愛子さまが皇太子になるべき100の理由No.56
男系固執派の切り札である「旧宮家系の男系男子による皇籍取得」案。
「戦後GHQの陰謀により無理やり臣籍降下(皇族→一般国民)させられた。
それは不自然なので元に戻そう!」
という主張です。
果たして本当に、GHQの陰謀によって一般国民にさせられたのでしょうか?
歴史の事実を見ていきたいと思います。
男系固執派は陰謀論がお好き
歴史の事実を先に書くと、臣籍降下が行われた1946年よりもずっと前に、増えすぎた皇族を臣籍降下するルールが決められていました。
元々リストラ候補だった
大正9年(1920年)に制定された「皇族降下準則」です。
これにより、天皇の玄孫まで(4世子孫)までを皇族とし、特別な理由がない限り5世以降は臣籍降下させて華族とするように決まりました。
もちろん、当時の皇族からは反対意見も多く、単なる内規であり効力は無効だった、と男系派の主張もあります。
しかし、このような降下準則が議論されたバックグラウンドは何なのか?
それを見落とすと大局的な歴史の流れを見落とすことになります。
当時の政府は、伏見宮系皇族の血の遠さ(崇光天皇から約600年)を問題視し、そのリストラを考えていたため、という状況がありました。
このままでは皇族が無限に増えて、国家財政を圧迫し、また皇室の権威を傷つけるものが出てくる、という懸念がありました。

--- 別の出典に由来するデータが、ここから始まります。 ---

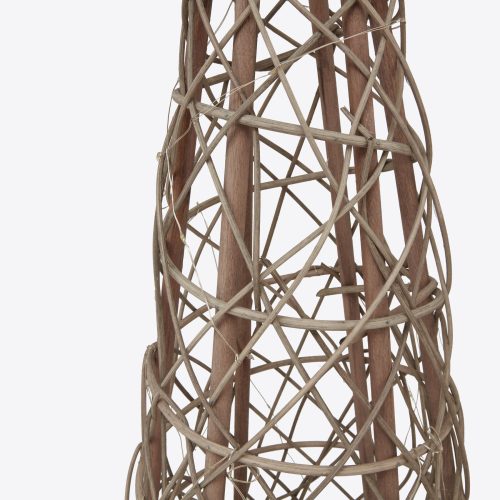 Small LED Wicker Christmas Tree With Star - 30cm x 30cm x 100cm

その背景には、北白川宮能久親王の問題行動があったことが大きいようです。
・討幕運動に加わらず、幕府の味方についた(彰義隊に担がれた)
・皇族のドイツ人女性との結婚問題(謹慎処分→のちに婚約破棄)
・側室以外の女性とのあいだに、二人の子供(隠し子)をもうけていた
これは、、かなりキッツイですね。
また、伏見宮系以外の3宮家は後継者がなくなった、
・閑院宮は明治5年(1872)年に伏見宮系の親王が継承
・桂宮は明治14年(1881)年廃絶。
・有栖川宮は大正2(1913)廃絶が確定。
という状況でした。
天皇の弟が創設した「直宮系」(高松、秩父、三笠)以外は、血の遠く離れた伏見宮系だけとなっていました。
自ら降下を希望した東久邇宮家
戦前から直宮系以外の宮家を減らす動きがあったことは明らかでした。
そこへ、大戦後の新憲法の制定の流れの中で、直宮系を残し、それ以外を臣籍降下しようとする動きが加速しました。
参考になるのが↓の森暢平さんの記事です。
日本政府のほうが離脱に積極的で、GHQがそれにストップをかけていた事実もある
えーーー!
全く逆やん
敗戦3カ月後の45年11月11日、『毎日新聞』が東久邇宮稔彦(ひがしくにのみやなるひこ)らが「臣籍降下」を決意したと報じる。東久邇宮はさらに注目すべき内容を『毎日』記者に語った。
「皇族の範囲を極めて小範囲に限定すべきで、例えば、秩父宮、高松宮、三笠宮様のように陛下の御肉親のみに限定して、その他の皇族は臣籍に降り、一国民として仕え奉るのがよいと思う」
では、なぜそのようなことを言ったのでしょうか?
その背景がこちらです。
枝葉を刈る、という発想
GHQは、日本に民主的な政治を行うため、皇族のための歳費を皇族が決めるのではなく、その歳費はいったん打ち切り、国会がその歳費捻出を決定するようにしました。
つまり、歳費の範囲を国会が決める=国民が決める、という形にしたのです。
しかし、戦後間もなくのことですから、当然潤沢な歳費があるわけでもない。
よって、宮内省の態度は明確でした。
「各皇族が品位を保たれるに充分な国家支出をなすことは困難と考えられ、皇族方の共倒れを救う一つの道は臣籍降下である」(外務省「皇室に関する諸制度の民主化」)とするものだ。大きな幹を残すために「枝葉を刈る」という発想だった。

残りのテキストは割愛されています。